Mam już za sobą pielgrzymkę po wszystkich, jak mi się wydaje, salonach sukien ślubnych w Słupsku, a także kawałek poza nim

Przymierzyłam łącznie 31 sukien. Konkretnej nie wybrałam, waham się pomiędzy trzema. I postanowiłam podzielić się wrażeniami.
W mieście jest 5 salonów (Wileńska, Wojska polskiego- a od kwietnia Armii Krajowej, Kołłątaja, Tuwima i Sygietyńskiego), 2 sklepiki na Manhatanie i 2 na Wokulskim, gdzie też jest parę sukien. Z nieprzyjemną obsługą spotkałam się jedynie w jednym sklepie w Wokulskim (taki większy) oraz w salonie sukien w Siemianicach. I w niemiłej obsłudze Siemianice wygrywają. Pani na moją wypowiedź, że chciałabym przymierzyć kilka, zareagowała wręcz alergicznie. Traktowała mnie jak dziecko, cóż, młodo wyglądam, ale ona chyba wątpiła, czy aby na pewno wychodzę za mąż... Byłam u niej już na końcu, więc trochę się zaznajomiłam z materiałami itp., tłumaczyłam o co mi chodzi, ale pomocy u niej nie uzyskałam.

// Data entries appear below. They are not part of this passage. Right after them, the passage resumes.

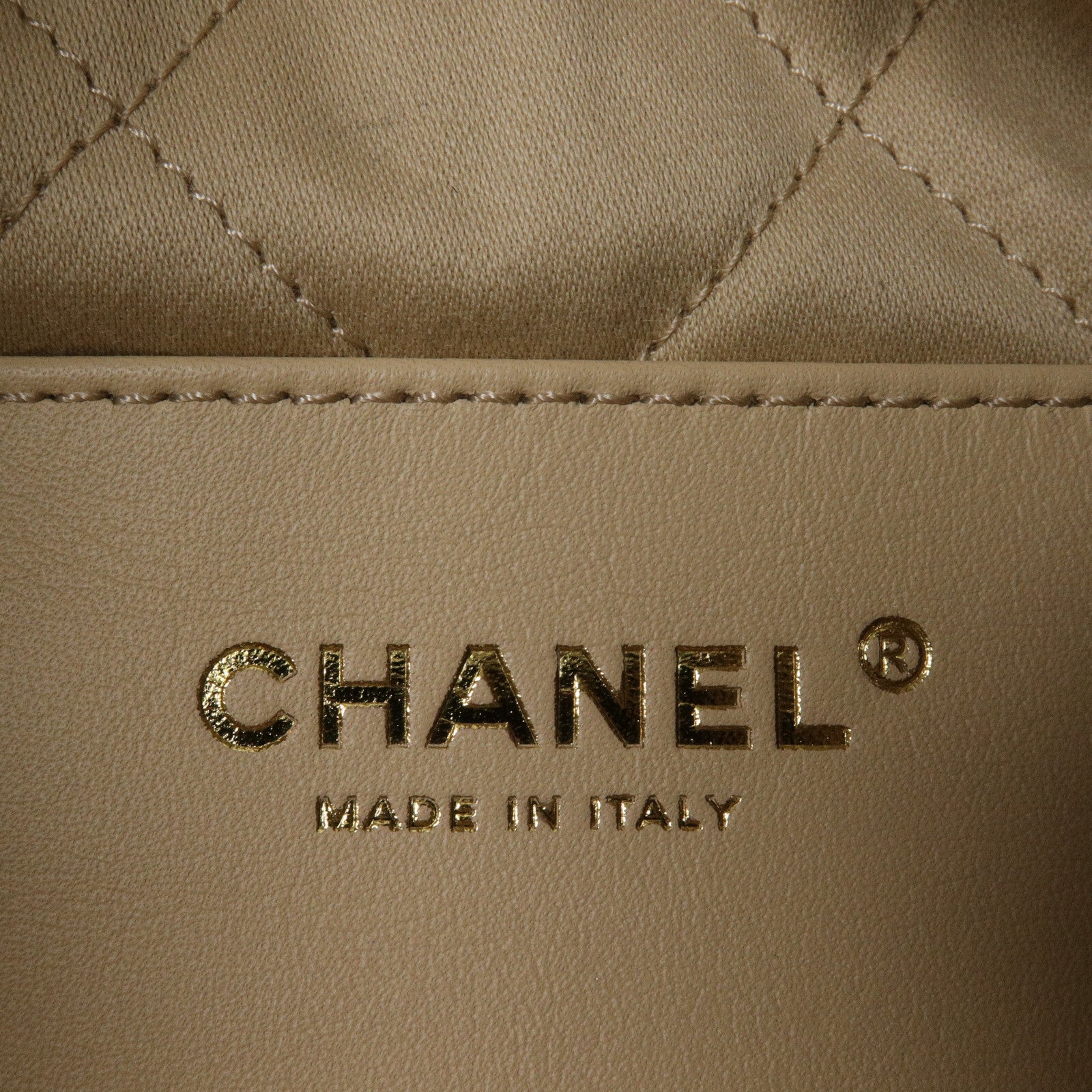 CHANEL 牛皮皮革Chanel 22 Mini鏈帶肩背袋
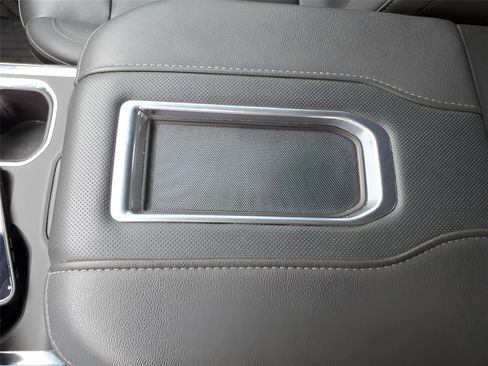 Used 2022 Chevrolet Silverado 1500 LTZ w/ LTZ Premium Package image 29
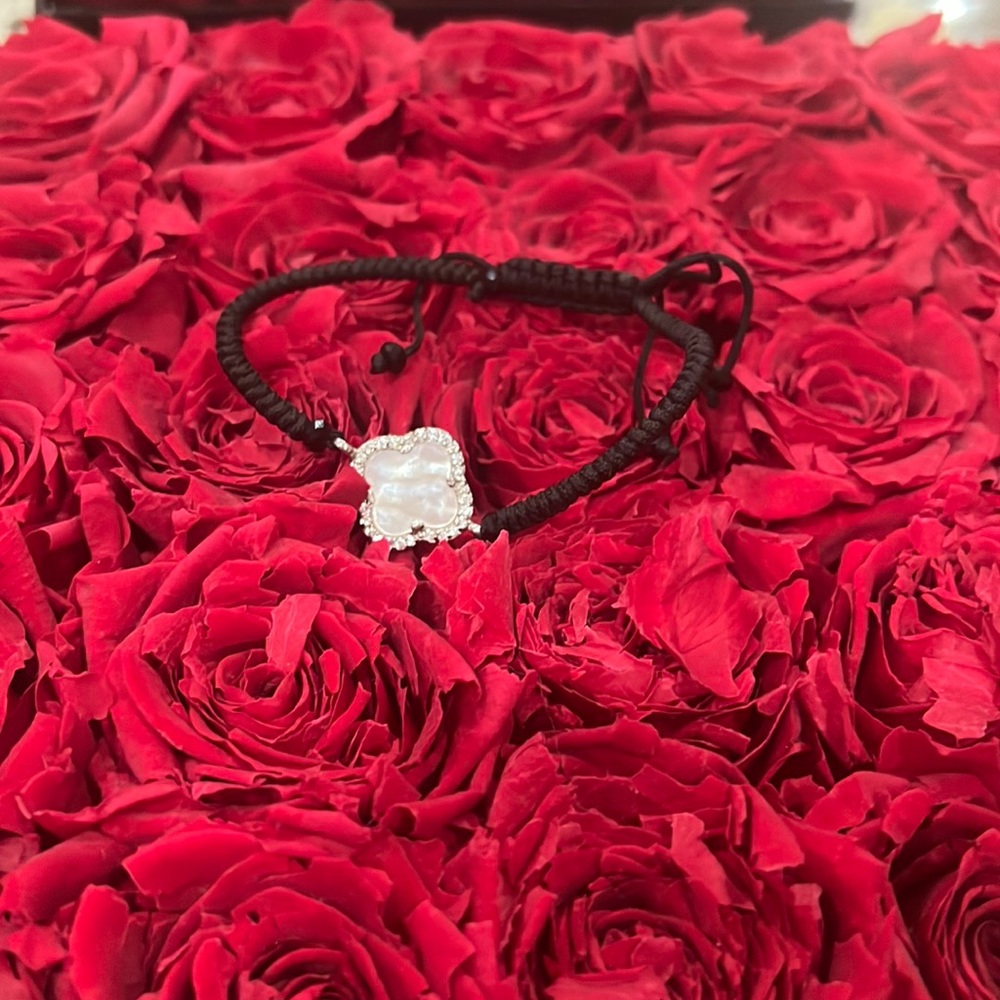 Self tie mother of Pearl and diamond bracelet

Na wydrukowane przeze mnie zdjęcia sukien z jej strony internetowej nawet nie spojrzała, mówiąc, że nie ma żadnej z tych ze strony, bo to tylko przykłady. A cenę wypowiadała z miną "oj, chyba dla ciebie za droga, dziecko". No to podziękowałam i nie mierzyłam nic. Nie wrócę tam na pewno. Tylko dziwi mnie, że niektórych stać na takie traktowanie potencjalnych klientów.
I właśnie, może wie ktoś o jakimś jeszcze salonie w Słupsku, lub okolicach? Czy to już wszystkie?